About this task
Retype the following data exactly, but leave its pictures out.

Source data
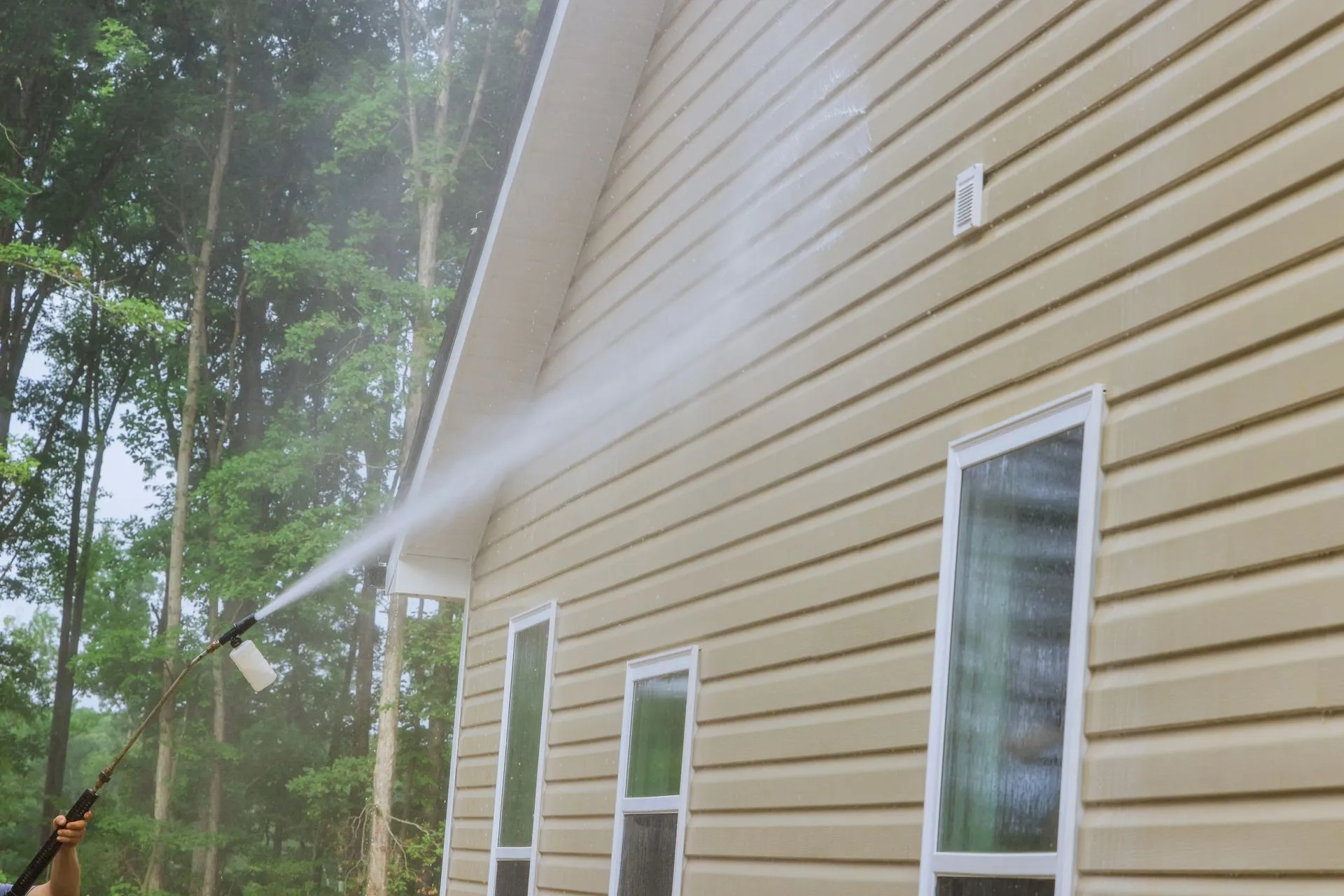 Residential exterior wall being soft washed
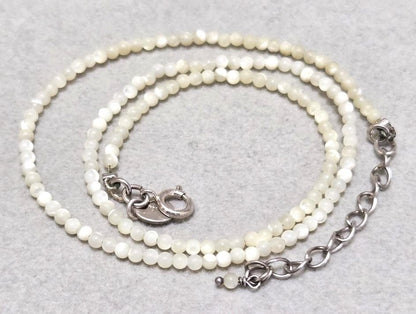 Agete Pearl Silver Necklace 42733 with 41cm length, featuring pearls on a silver chain, shown against white background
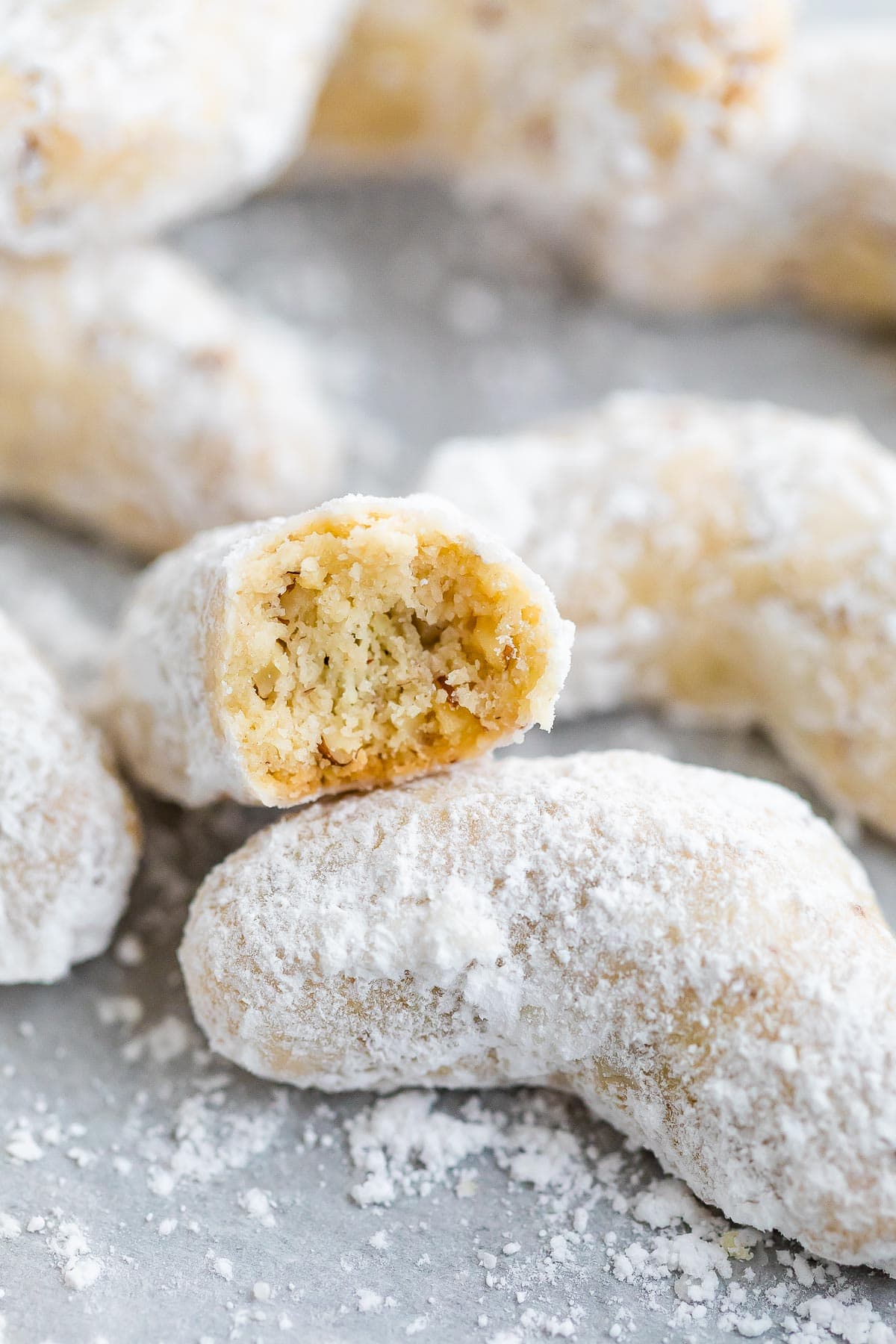 Almond crescent cookies on parchment paper with one bite taken out of one of the cookies.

The completed task
 Residential exterior wall being soft washed
 Agete Pearl Silver Necklace 42733 with 41cm length, featuring pearls on a silver chain, shown against white background
 Almond crescent cookies on parchment paper with one bite taken out of one of the cookies.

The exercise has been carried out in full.